Author + information
- Jai Parekh1,
- Saurabh Aggarwal1,
- Rohit Loomba2,
- Gaurav Aggarwal3,
- Ram Belbase1,
- Hemantha Koduri1,
- Brent Wilson4,
- Rohit Arora5 and
- Venkata M. Alla1
- 1Creighton University Medical Center, Omaha, Nebraska, United States
- 2Medical College of Wisconsin, Milwaukee, Wisconsin, United States
- 3Armed Forces Medical College, Pune, Maharashtra, India
- 4University of Utah School of Medicine, Salt Lake City, Utah, United States
- 5Rosalind Franklin University of Medicine and Science, North Chicago, Illinois, United States
Introduction: There has been a recent interest in fractional flow reserve measurements derived from computed tomography (CT-FFR) to evaluate the degree of coronary stenosis. Multiple studies have been performed comparing the diagnostic performance of CT-FFR to invasively derived (coronary angiography) fractional flow reserve (I-FFR).

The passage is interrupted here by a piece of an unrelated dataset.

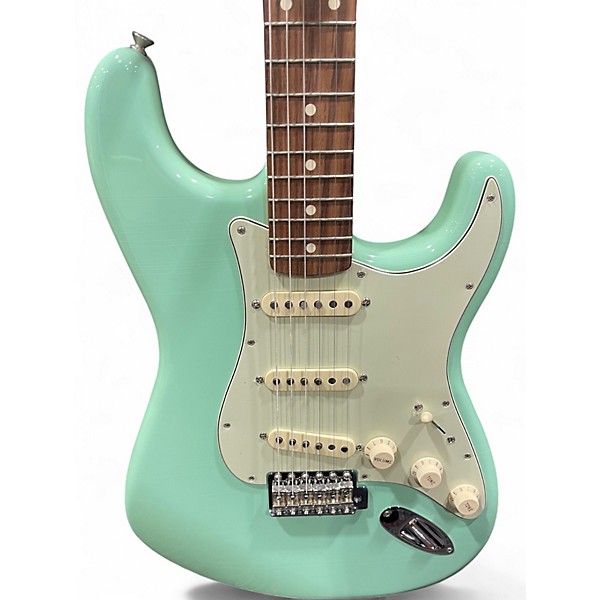 Used 2015 Fender Special Edition 60s Stratocaster Surf Green Solid Body Electric Guitar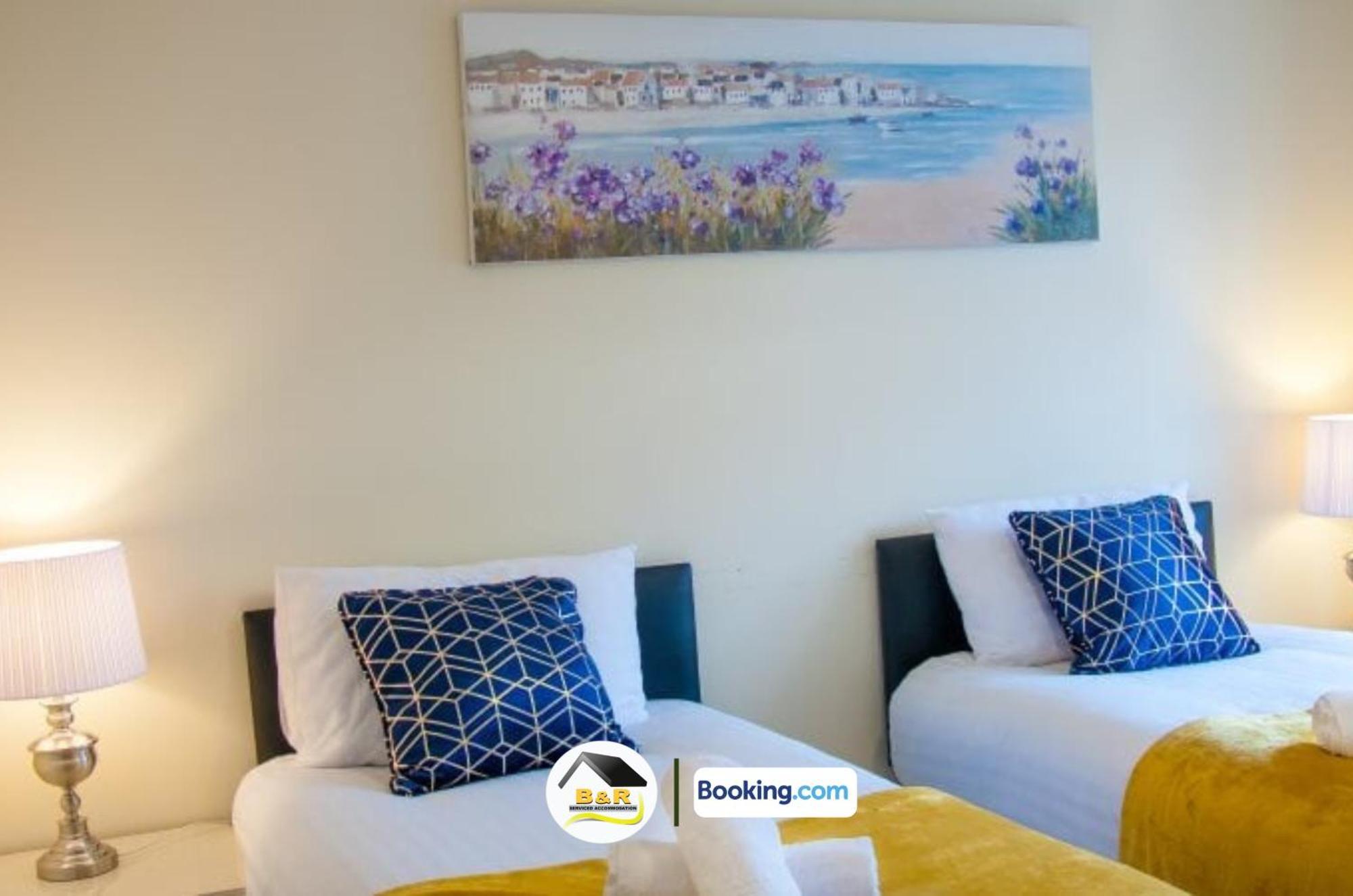 3 Bedroom House By B And R Serviced Accommodation Amesbury With Super Fast Wi-Fi 145Mbps Esterno foto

We searched PubMed, Cochrane database and Google Scholar for terms “fractional flow reserve”, “computed tomography fractional flow reserve” and “CT-FFR”. Studies comparing CT-FFR to I-FFR were included in the analysis. Diagnostic performance was assessed by pooling the study results.
A total of 13 studies were included in the final analysis. The studies assessed a total of 1696 vessels in 1083 patients. In per-vessel analysis, the sensitivity, specificity, positive predictive value, negative predictive value and accuracy of CT-FFR when compared with I-FFR were 89.1%, 71.7%, 69.2%, 89.9% and 79.9%. In per-patient analysis, the sensitivity, specificity, positive predictive value, negative predictive value and accuracy were 89.9%, 71.9%, 69.4%, 89.9% and 79.1%.
CT-FFR has high sensitivity and negative predictive value when compared to I-FFR. However, improvements are needed to increase the specificity and positive predictive value.